Good as any other, Danae.
“Next, coughing up Uranus.”
Ahhh, yes…The Big Gaackk Theory……..I’m a convert. All hail Danae and kittens everywhere!……Just out of curiosity, what comes out the other end?…
Make as much sense as anything else I’ve heard. Hope she has a ‘chocolate’ commandment.11. Thou shalt enjoy chocolate without guilt (or calories)
Dang, alexikakos, guess I should have seen that coming…or going……nice job….
Did that really take six days?
If something tells you what to believe; it should be questioned.
Varnes – asteroids…
better creation story than the bible.
Ancient Egyptians worshiped cats as gods. Now we know why!
Why Not, Danae? I find your scripture highly questionable.
And now, in the 21st century, a person cannot become leader of this country unless he or she professes belief in an alternate, and equally preposterous story.
It also works for liberals and democrats.
Throughout history, religion has been one HAIRBALL scheme aften another to control people one way or the other. Danae’s is just a bit more upfront! Love it Wiley.
Around here it’s called “sinapu” or something like that. Follow along or not, you will get hurt.
Amen to that!
Cats ARE the center of the universe. Never question that!
Amazing… no one’s said what I first thought when I read it… Guest appearance from Bill the Cat… woo hooo! :)
As a curiousity, I wonder how Danae and her sister would respond to learning about Malala, the girl shot in the name of “God” for the crime of wanting an education and saying so.
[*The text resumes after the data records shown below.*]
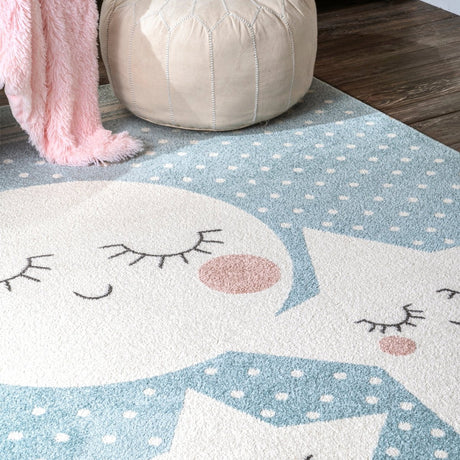 Nuloom Moon And Stars Kids Nursery Nmo2563A Blue Rug.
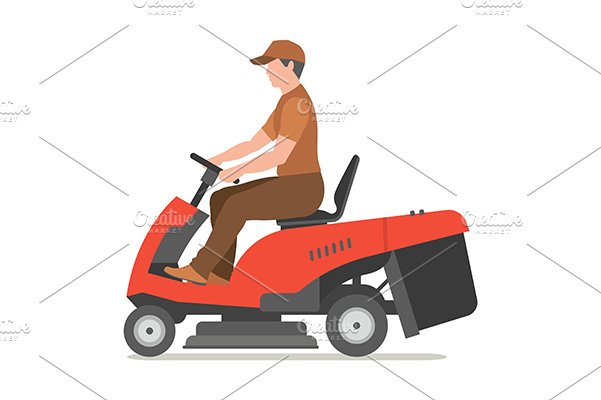 Man Mowing Lawn preview image.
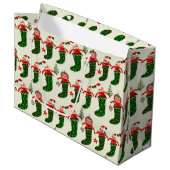 Retro Kerstmis Kousen Groot Cadeauzakje (Voorkant Gekanteld)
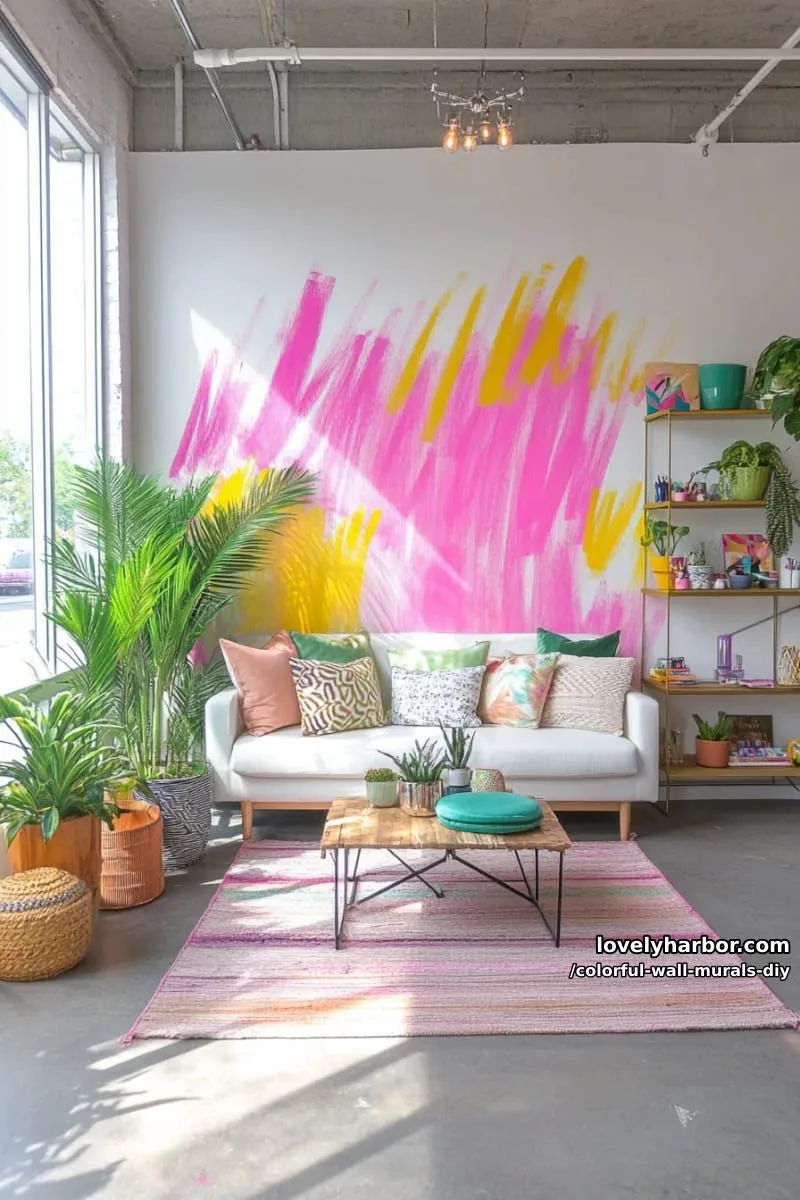 31 Colorful DIY Wall Murals for a Vibrant Home Update 54 neon brushstroke mural with layered strokes in hot pink and lime 1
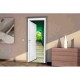 Stickers trompe l'oeil porte Escalier vert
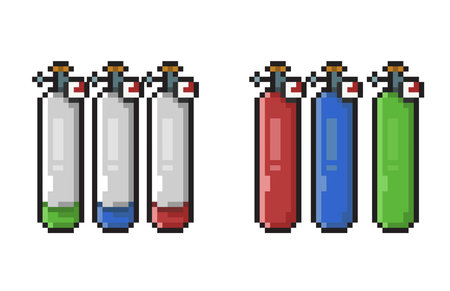 Set of 8-bit pixel art gas tube isolated on white background.のイラスト素材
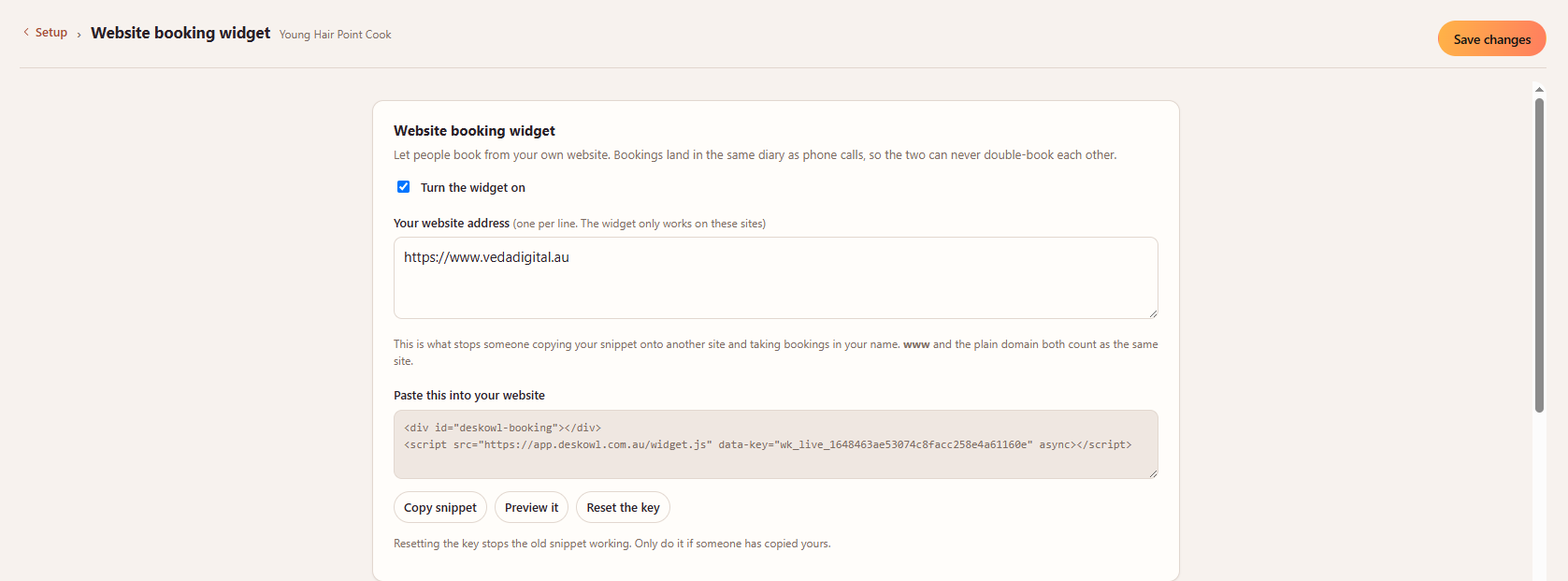 The website booking widget settings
Mr. Miller often uses political themes in his work, but I do apologize if the question is deemed inappropriate for a non-editorial cartoon.Respectfully,C.
I subscribe to the Big KaaK Theory.
Darn! That’s the problem about living on the west coast … by the time I get to the comics all you witty folks across the country have already gotten the best lines.
This answers a lot more questions than it raises.
The Vikings still have the hands-down silliest creation myth: a cosmic cow licks primordial ice to free the first god..No, I’m not kidding.
I’m back up a little after 5AM to walk the dog. We both then go back to sleep until 8:30AM when I again get back to check out everyone’s witty comments.
I don’t get it; at what point does the noodly appendage enter the picture?
What? Nobody came up with that old line about the dyslexic dude that believed in Dog?
Actually, I think it answers a lot of questions, in its own way!
So you know nothing about the Baptists in general, then?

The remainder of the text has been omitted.